Update. I've improved the argument to use only the consistency of $T$. (2/7/12): I corrected some over-statements previously made about Robinson's Q.

I claim that for every statement $\varphi$, there is a variant way to express it, $\psi$, which is equivalent to the original statement $\varphi$, but which is formally independent of any particular desired consistent theory $T$.

In particular, if $\varphi$ is your favorite natural open question, whose truth value is unknown, then there is an equivalent formulation of that question which exhibits formal independence in the way you had requested. In this sense, every open question is equivalent to an assertion with the property you have requested. I take this to reveal certain difficult subtleties with your project.

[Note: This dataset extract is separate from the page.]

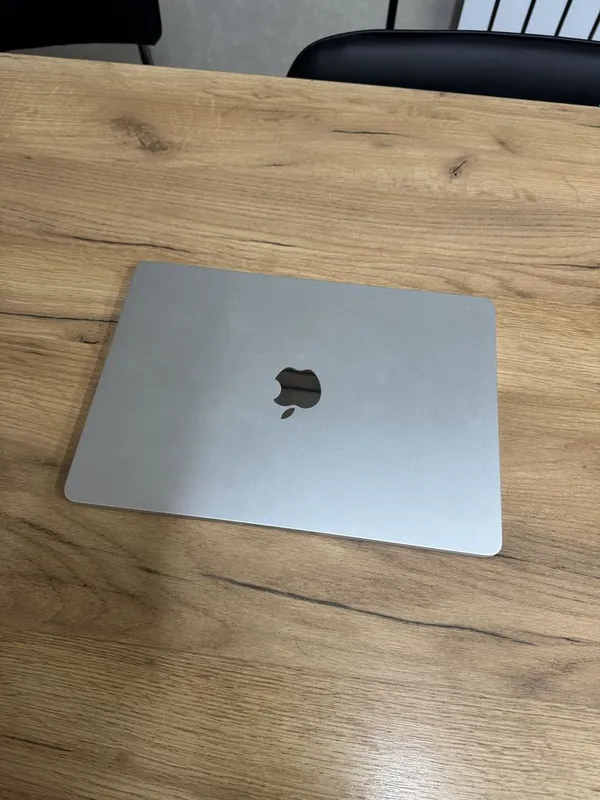 Macbook Air M3 (8/256) Silver 1 Macbook Air M3 (8/256) Silver 1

Theorem. Suppose that $\varphi$ is any sentence and $T$ is any consistent theory containing weak arithmetic. Then there is another sentence $\psi$ such that

• $\text{PA}+\text{Con}(T)$ proves that $\varphi$ and $\psi$ are equivalent.
• $T$ does not prove $\psi$.
• $T$ does not prove $\neg\psi$.

Proof. Let $R$ be the Rosser sentence for $T$, the self-referential assertion that for any proof of $R$ in $T$, there is a smaller proof of $\neg R$. The Gödel-Rosser theorem establishes that if $T$ is consistent, then $T$ proves neither $R$ nor $\neg R$. Formalizing the first part of this argument shows that $\text{PA}+\text{Con}(T)$ proves that $R$ is not provable in $T$ and hence that $R$ is vacuously true. Formalizing the second part of this argument shows that $\text{Con}(T)$ implies $\text{Con}(T+R)$, and hence by the incompleteness theorem applied to $T+R$, we deduce that $T+R$ does not prove $\text{Con}(T)$. Thus, $T+R$ is a strictly intermediate theory between $T$ and $T+\text{Con}(T)$.

Now, let $\psi$ be the assertion $R\to (\text{Con}(T)\wedge \varphi)$. Since $\text{PA}+\text{Con}(T)$ proves $R$, it is easy to see by elementary logic that $\text{PA}+\text{Con}(T)$ proves that $\varphi$ and $\psi$ are equivalent.

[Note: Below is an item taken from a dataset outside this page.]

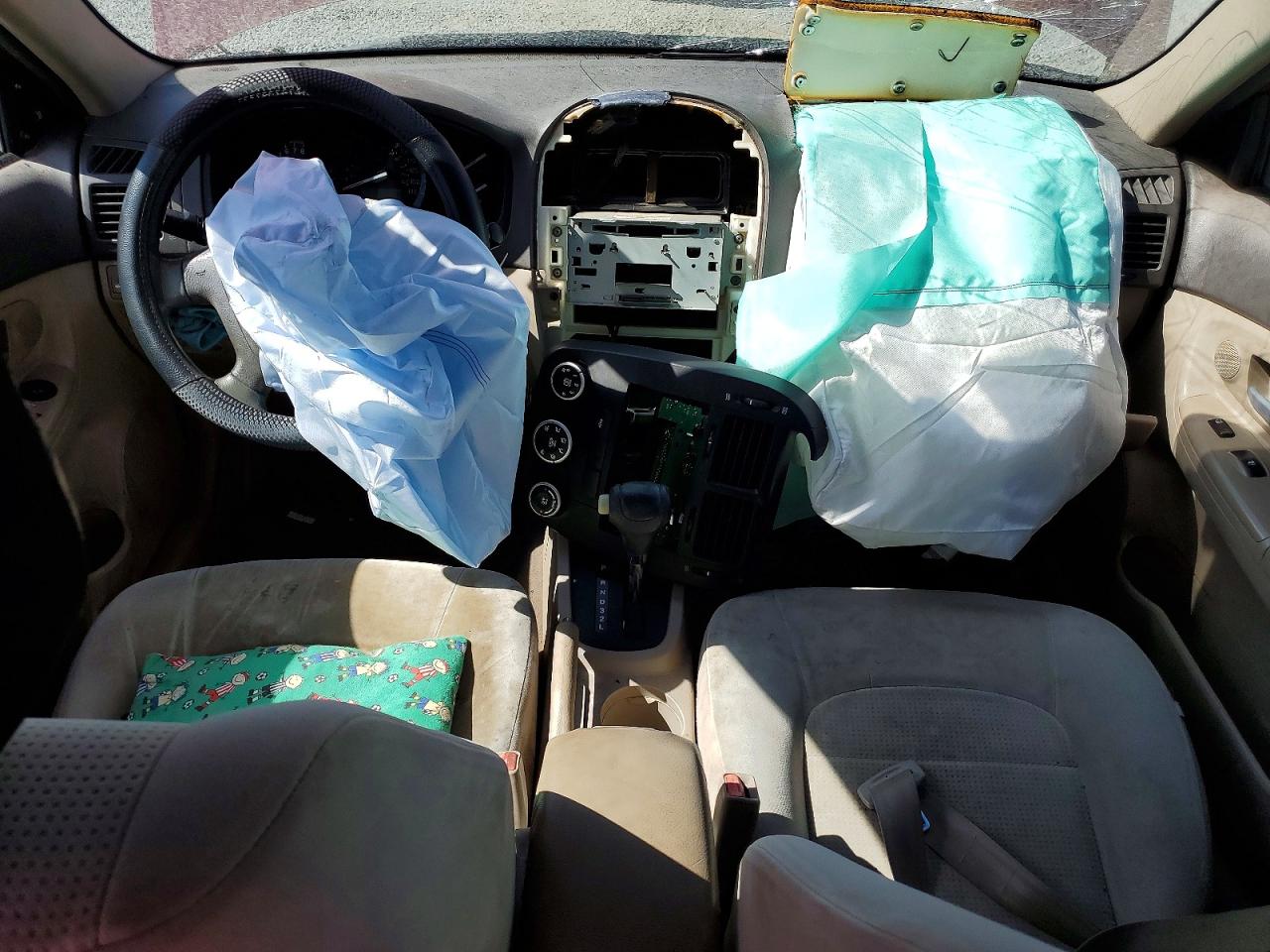 2009 Kia Spectra Lx Красный vin: KNAFE221095597872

The statement $\psi$, however, is not provable in $T$, since if it were, then $T+R$ would prove $\text{Con}(T)$, which it does not by our observations above.

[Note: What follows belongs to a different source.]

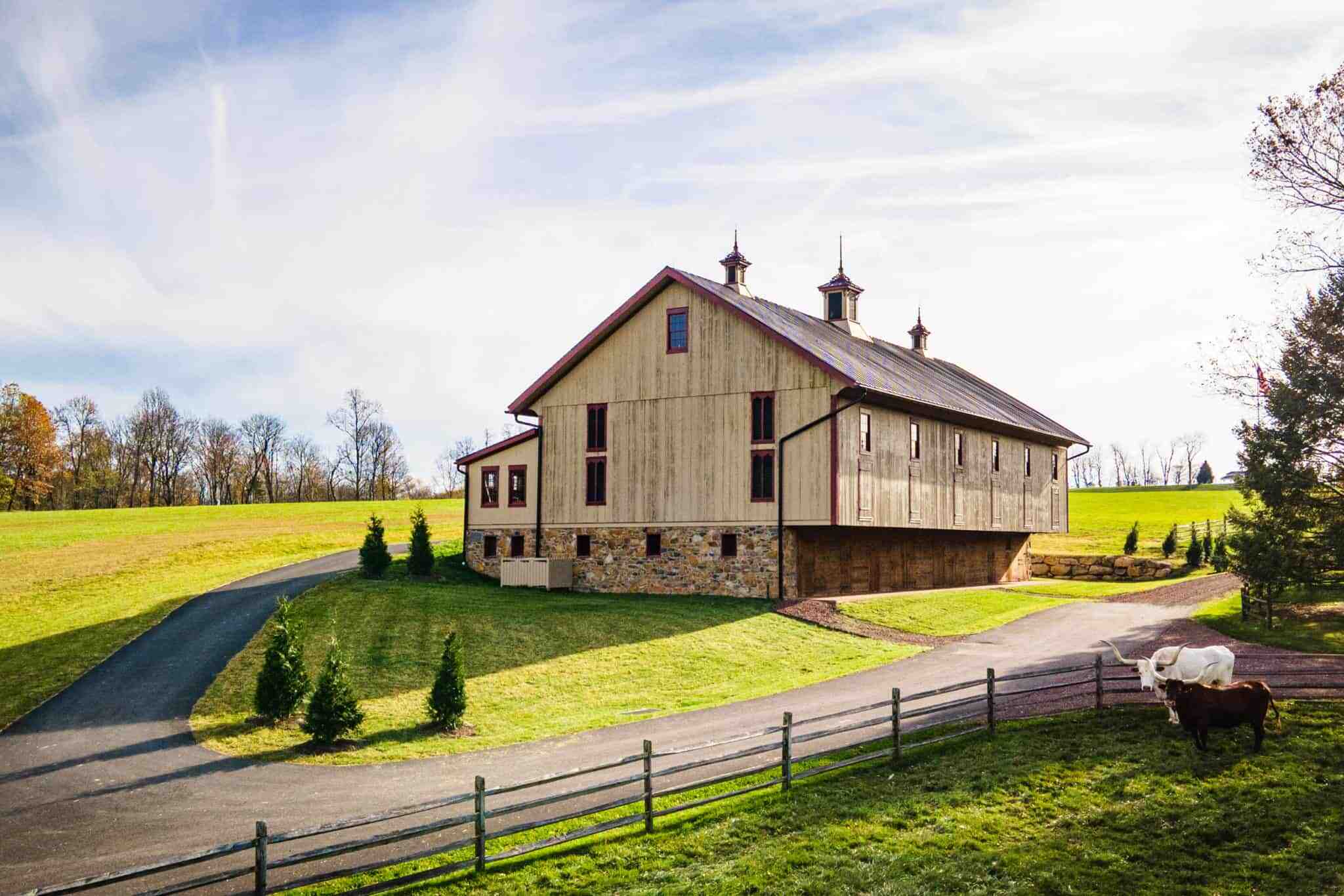 Farmhouse Chic: Tour A Renovated Barn Home In Pennsylvania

Conversely, $\psi$ is not refutable in $T$, since any such refutation would mean that $T$ proves that the hypothesis of $\psi$ is true and the conclusion false; in particular, it would require $T$ to prove the Rosser sentence $R$, which it does not by the Gödel-Rosser theorem. QED

Note that any instance of non-provability from $T$ will require the consistency of $T$, and so one cannot provide a solution to the problem without assuming the theory is consistent.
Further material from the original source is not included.